> [PROBLEM DESCRIPTION]:
Could you copy exactly the lines below, beginning at the line with "Photo of Cup" and stopping after the line with "Young girl holding", with no pictures?

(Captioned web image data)
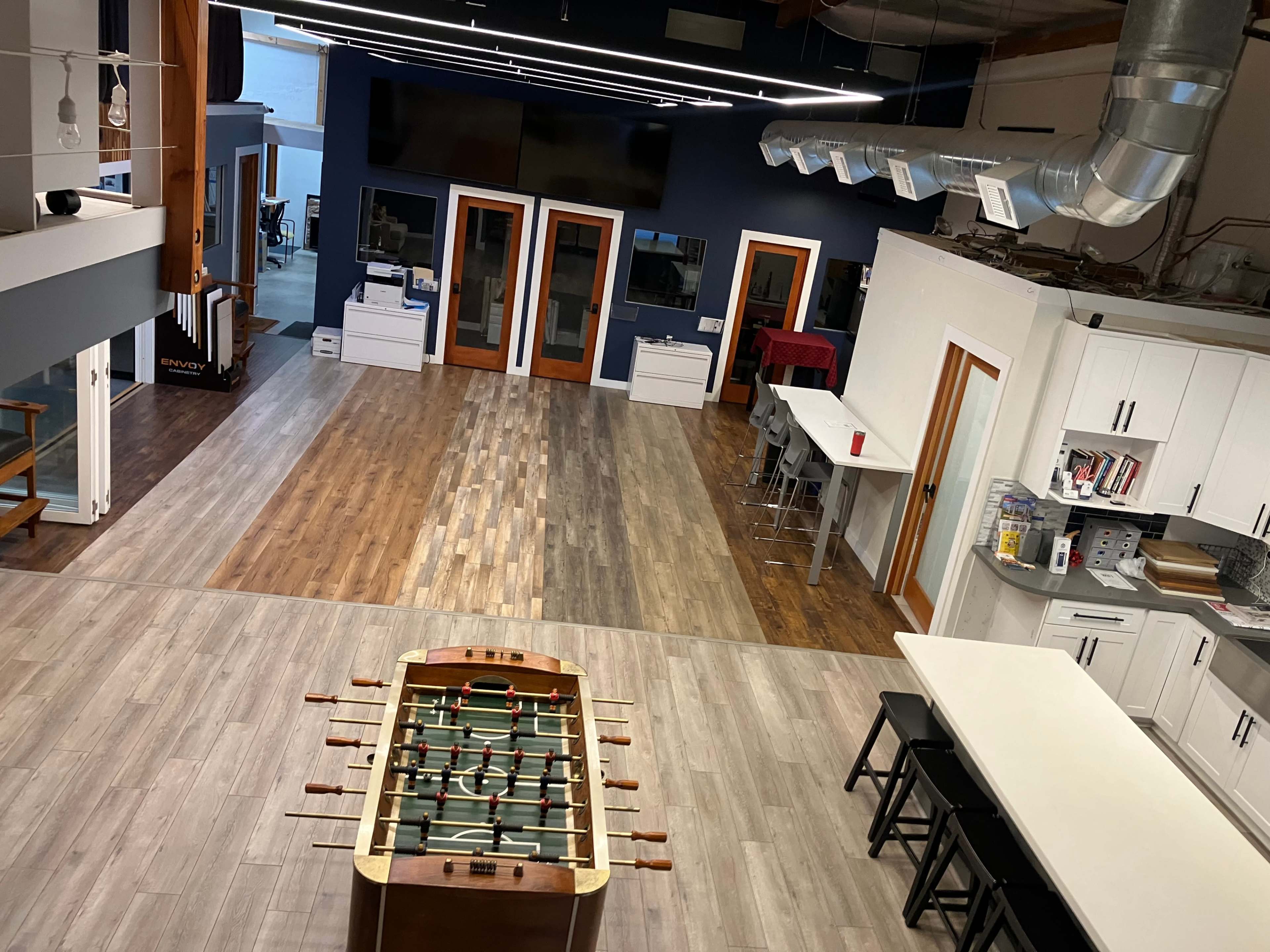 The image shows a large, open office space featuring a foosball table, wooden flooring in various tones, and modern kitchen amenities.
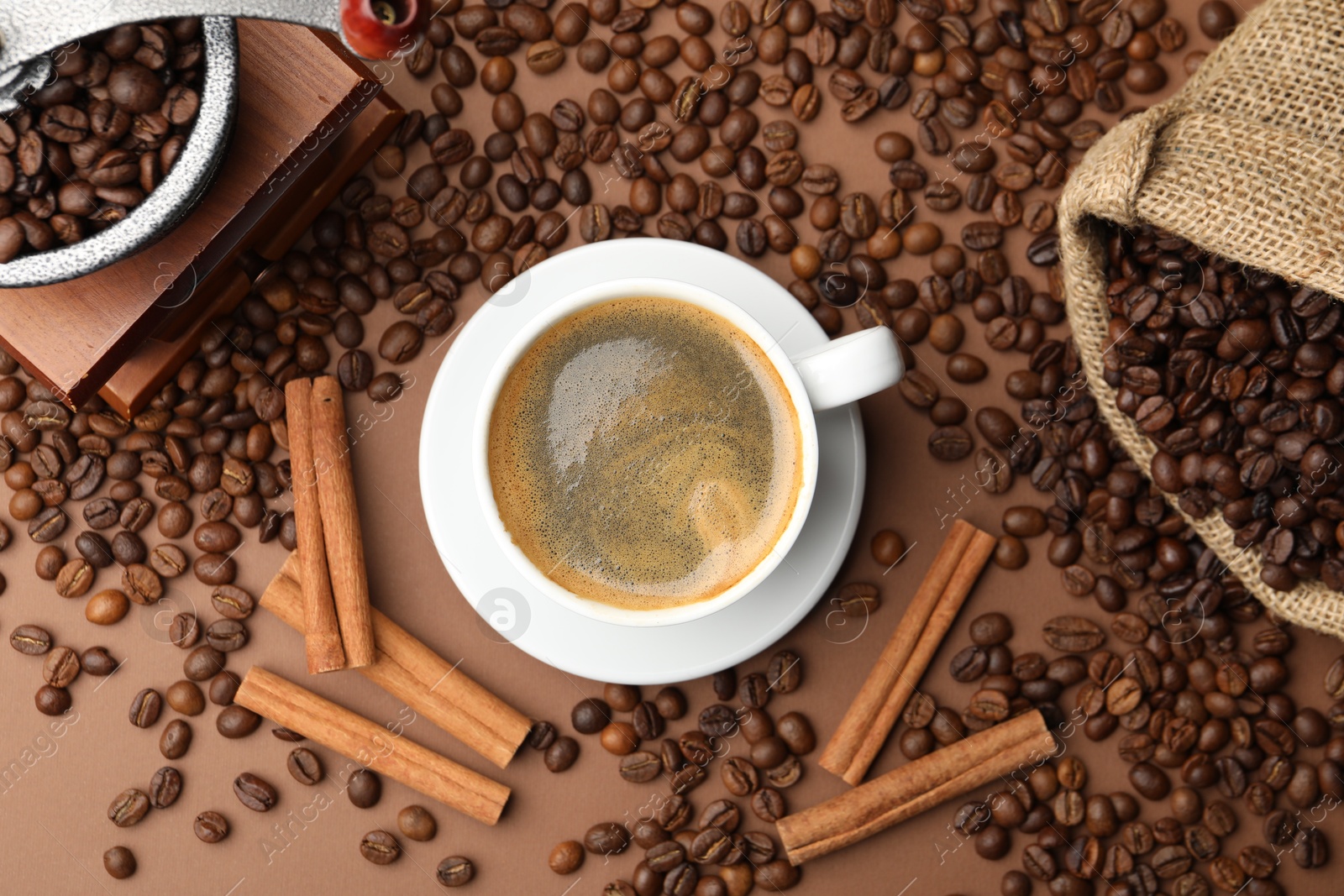 Photo of Cup of hot coffee, grinder, cinnamon and beans on brown background, flat lay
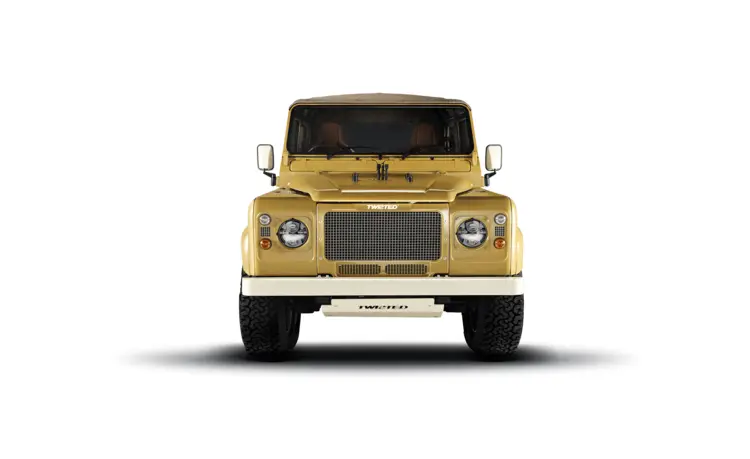 Front View of Yellow Classic Land Rover SUV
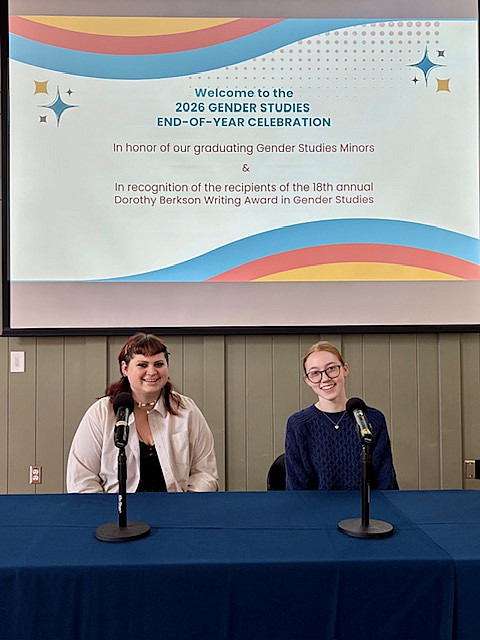 2 students sitting at table with microphones and large screen in background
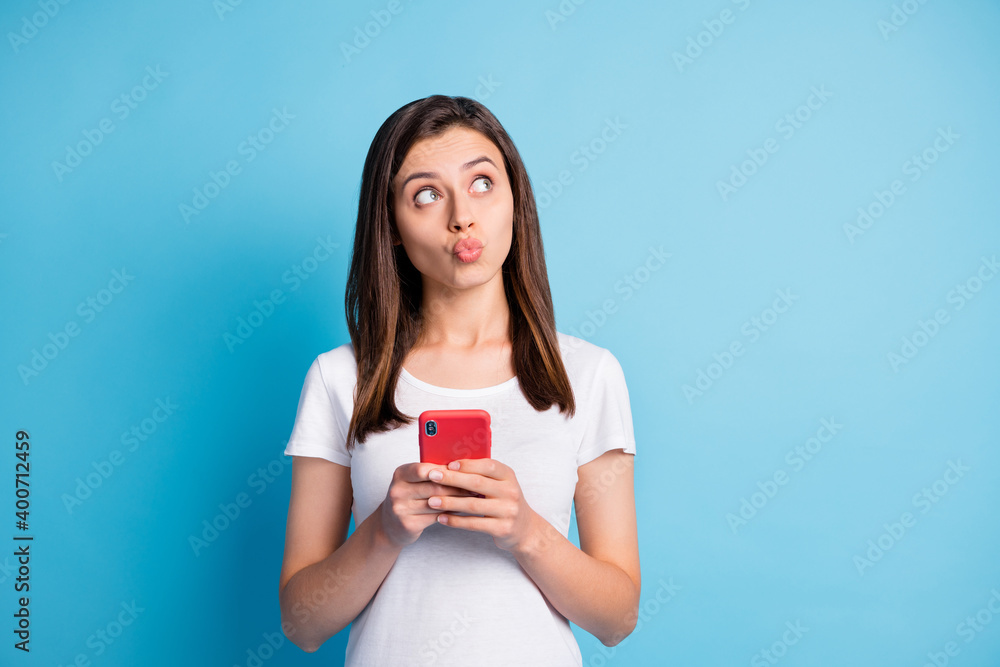 Photo of young pretty lovely cute attractive girl pout lips look copyspace use smartphone isolated on blue color background Photo of young pretty lovely cute attractive girl pout lips look copyspace use smartphone isolated on blue color background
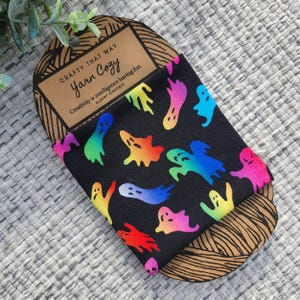May include: A black fabric band with a rainbow ghost pattern. The band is packaged on a brown cardboard backing with the text "Crafty That Way Yarn Cozy" and a quote from Albert Einstein: "Creativity is intelligence having fun."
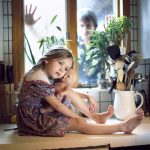 Young girl holding a doll with a boy looking in the window at her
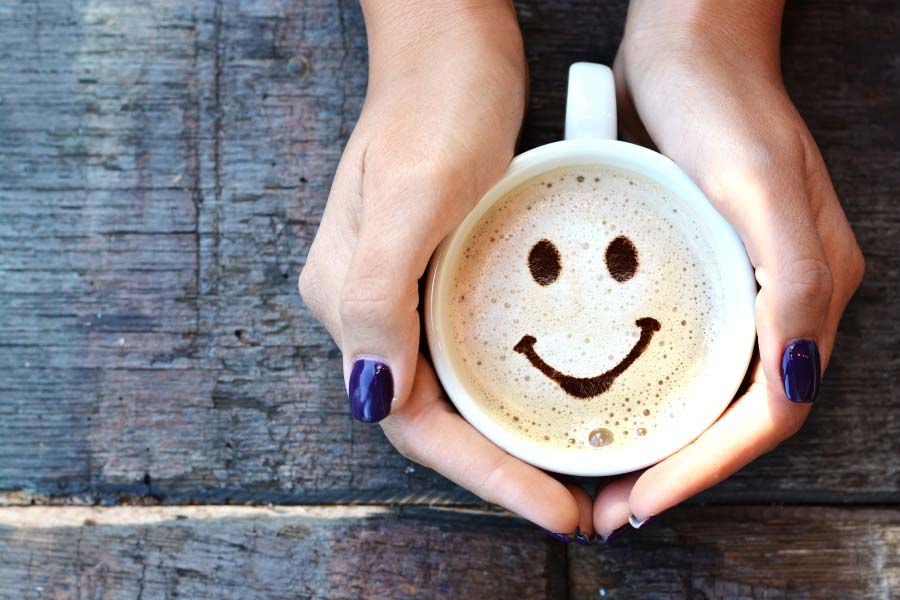 hands hold a cup of coffee with a happy face in the froth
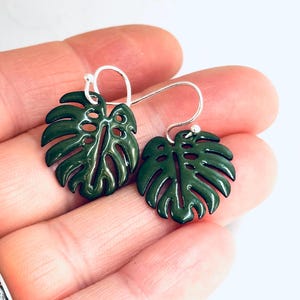 May include: Dark green leaf-shaped earrings with silver hooks. The earrings are a glossy, enamel-like finish, and the leaf design has intricate details. The earrings are held up by a person's hand.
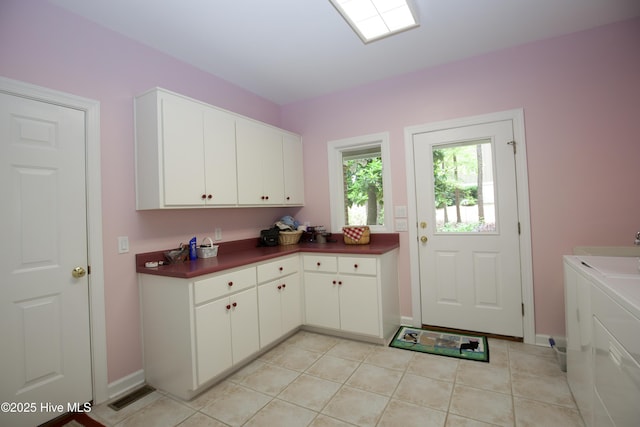 17 Troon Dr, Pinehurst, NC 28374 - washroom featuring cabinet space, baseboards, washing machine and clothes dryer, and light tile patterned floors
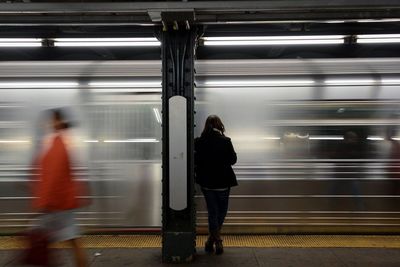 Blurred motion of train at subway station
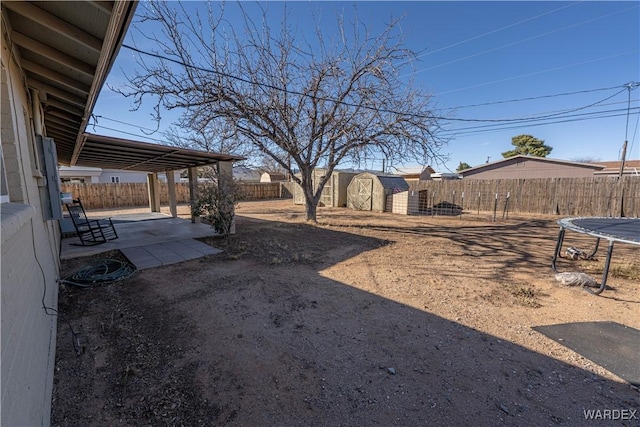 view of yard with a trampoline, an outbuilding, a patio, a storage unit, and a fenced backyard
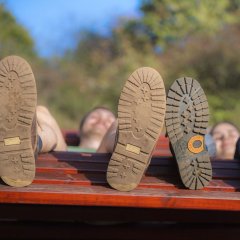 Zwei Wanderer ruhen sich auf einer Sinnesbank aus auf der Traumschleife Gräfin Loretta in Frauenberg. Man sieht die Schuhsohlen von unten.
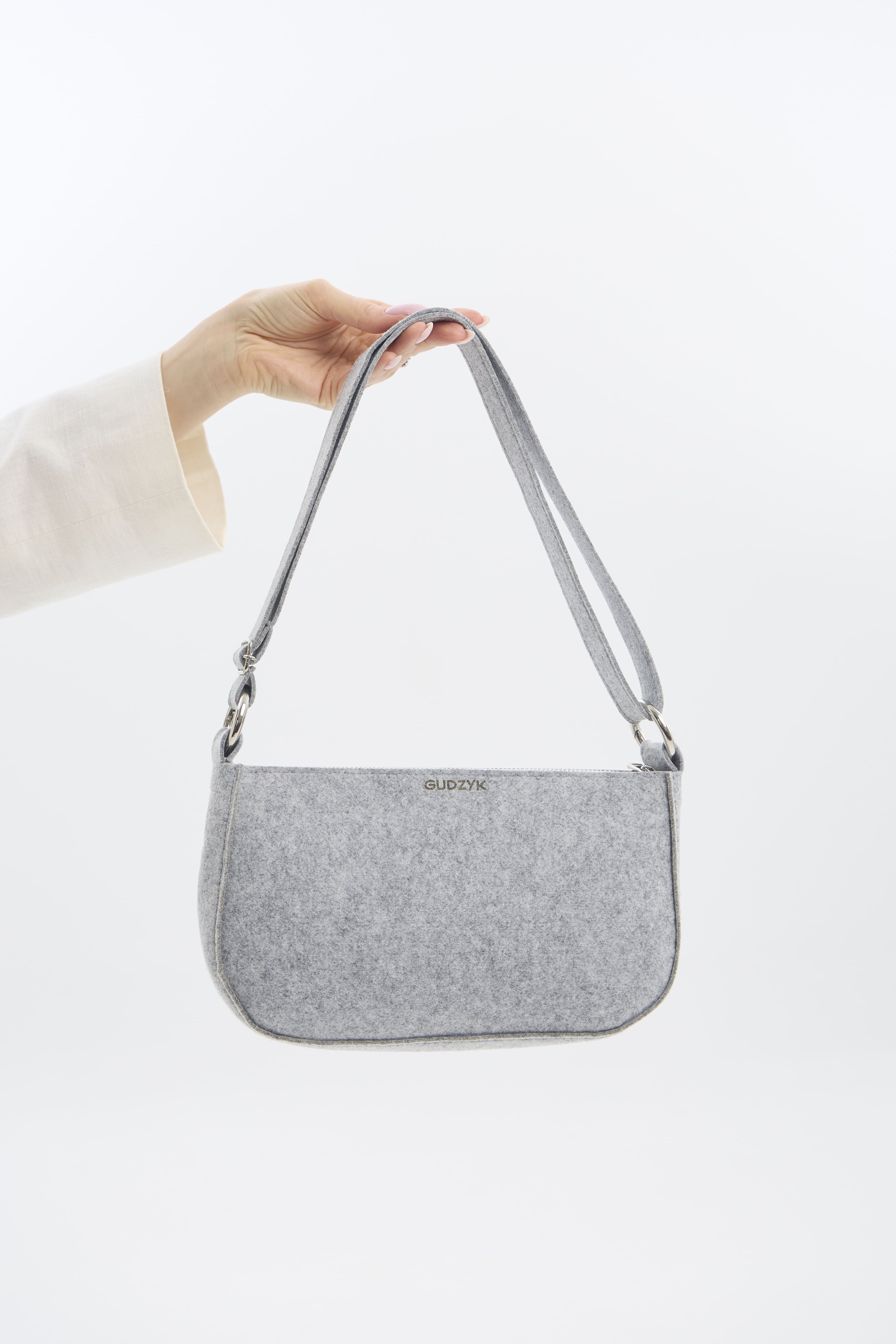 Silver shoulder bag held by a hand on a white background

> [ANSWER TO THE PROBLEM]:
 Photo of Cup of hot coffee, grinder, cinnamon and beans on brown background, flat lay
 Front View of Yellow Classic Land Rover SUV
 2 students sitting at table with microphones and large screen in background
 Photo of young pretty lovely cute attractive girl pout lips look copyspace use smartphone isolated on blue color background Photo of young pretty lovely cute attractive girl pout lips look copyspace use smartphone isolated on blue color background
May include: A black fabric band with a rainbow ghost pattern. The band is packaged on a brown cardboard backing with the text "Crafty That Way Yarn Cozy" and a quote from Albert Einstein: "Creativity is intelligence having fun."
 Young girl holding a doll with a boy looking in the window at her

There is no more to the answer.